REPUBLIKA.CO.ID, JAKARTA -- Partai Keadilan Sejahtera (PKS) mempunyai alasan tersendiri mengapa memutuskan tetap berada di luar pemerintahan Jokowi-Jusuf Kalla. Alasan tersebut dinilai rasional, objektif dan bermartabat terkait pilihan politik partainya itu.
Pertama, sejak awal PKS sadar tidak ikut berkeringat memenangkan pasangan Jokowi-JK karena memang saat Pilpres 2014 punya pilihan yang berbeda. Oleh karena itu tidak etis bagi PKS mengambil jatah partai-partai yang sudah berkeringat bersama Jokowi.
"Kami di PKS menjaga etika politik ini agar maslahat bagi semua," ujar Ketua Fraksi PKS di DPR, Jazuli Juwaini.
Kedua, dengan posisi di luar pemerintahan, PKS berikhtiar menjaga agar sistem checks and balances berjalan dengan baik.
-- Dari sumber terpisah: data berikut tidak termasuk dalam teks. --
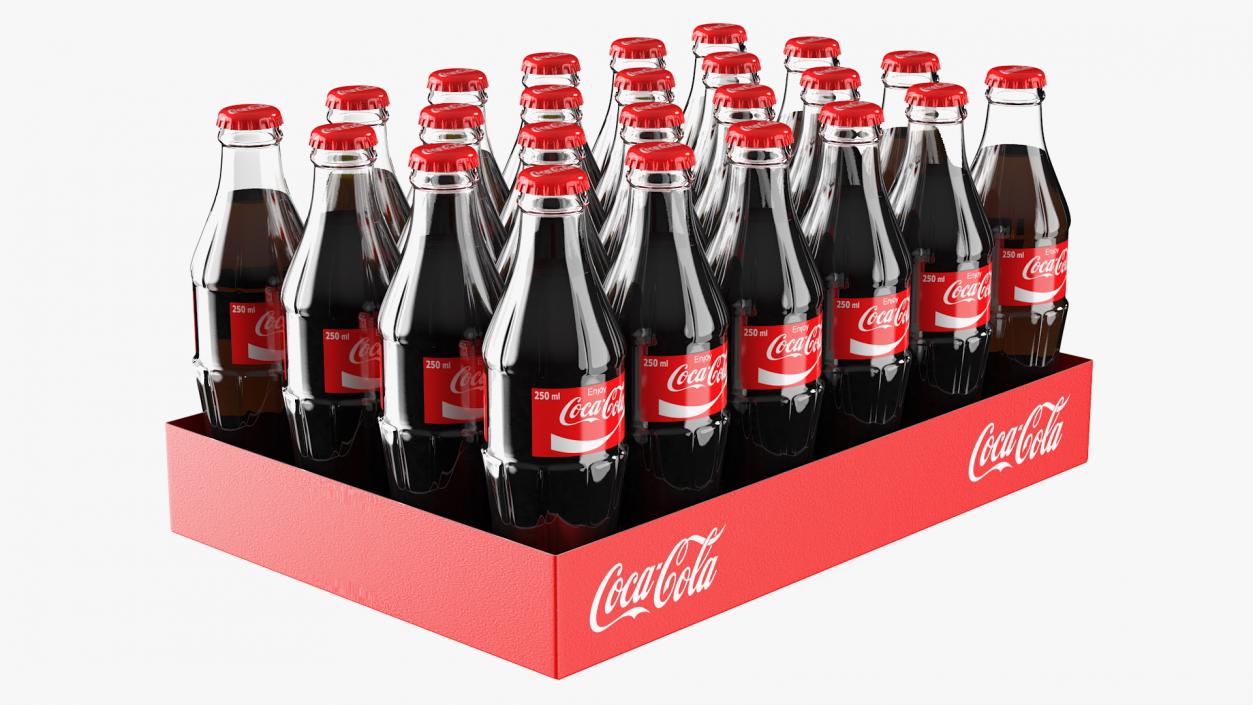 3D model Coca Cola Cans Collection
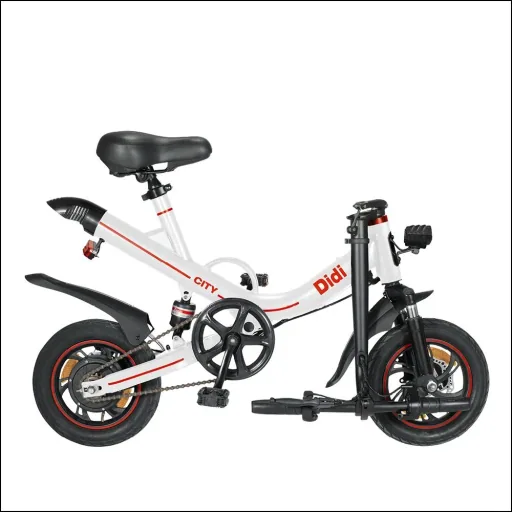 Unisex Mini E-Folding Bike, 14 inches, black, Didi City, automatic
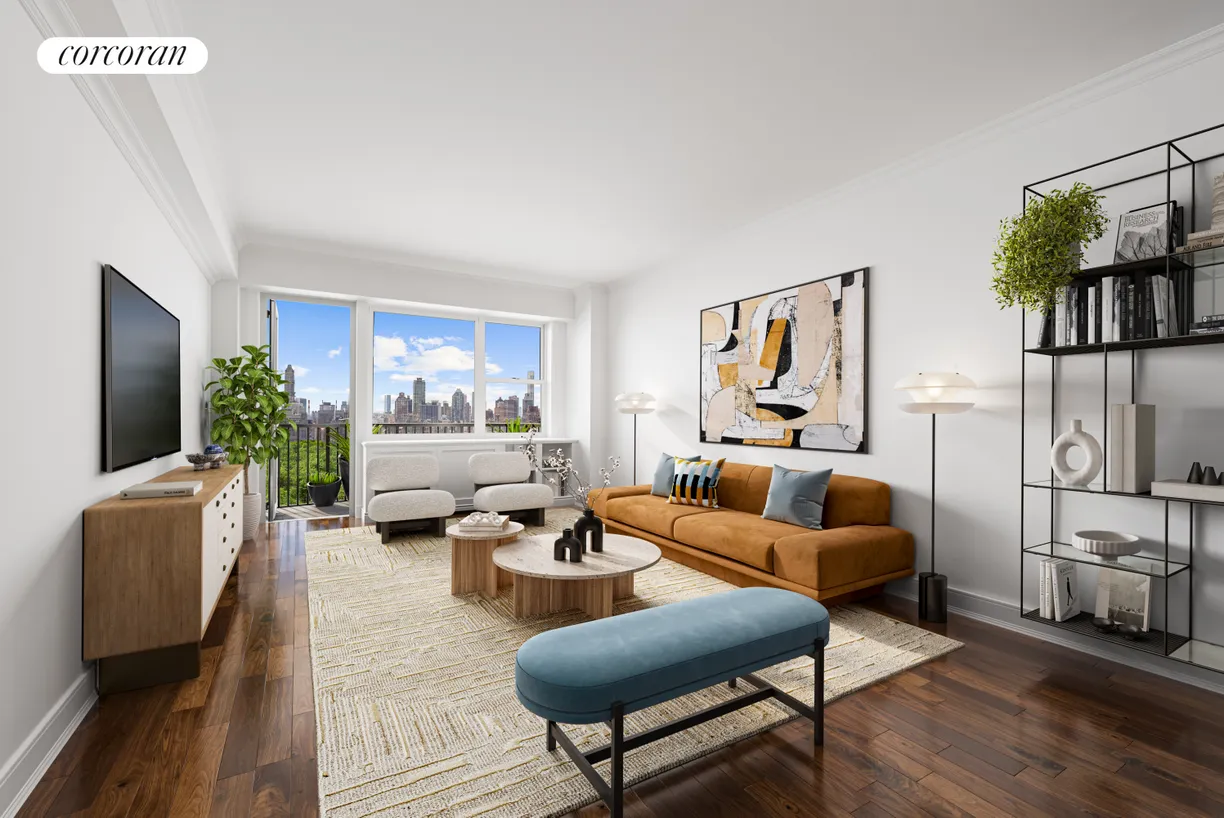 New York City Real Estate | View 80 Central Park West, 25A | Living Room VS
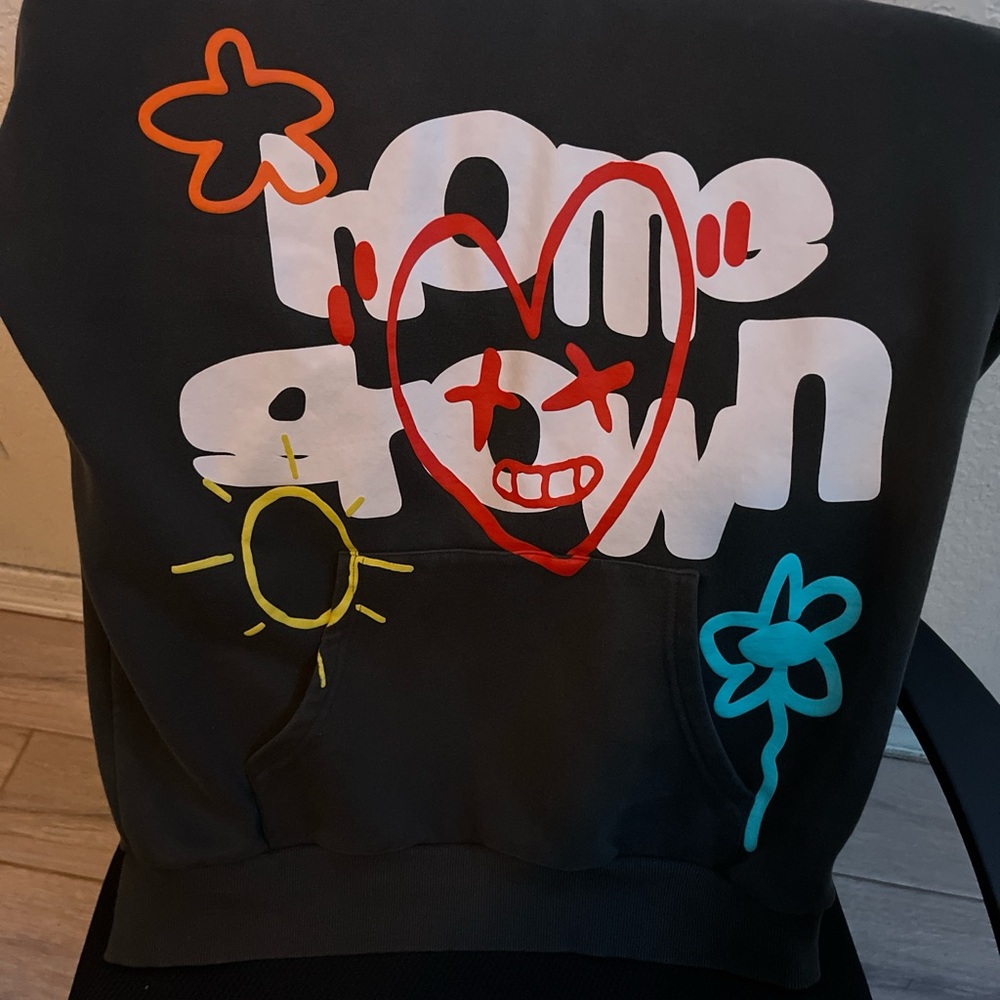 PacSun Black Hoodie with Colorful Graphic Design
Dengan posisi ini, bukan pula berarti PKS akan mengganggu roda pemerintahan dan jalannya kebijakan Presiden.
PKS, kata dia, tidak akan menganggu jalannya roda pemerintahan selama kebijakannya sejalan dengan kepentingan rakyat. "PKS tidak akan segan mendukung pemerintah jika kebijakannya membahagiakan rakyat," kata dia.
Sebaliknya, jika tidak sejalan dengan kepentingan rakyat terutama rakyat kecil, PKS akan mengingatkan (bukan mengganggu), semata-mata demi kepentingan rakyat, bangsa dan negara. Dengan posisi tersebut, kalaupun dapat disebut oposisi, PKS akan menempatkan diri sebagai oposisi yang konstruktif.
"Saya yakin peran yang dipilih PKS ini sama-sama mulia dan berhaga bagi terwujudnya sistem bernegara dan pemerintahan yang demokratis," ujar Jazuli.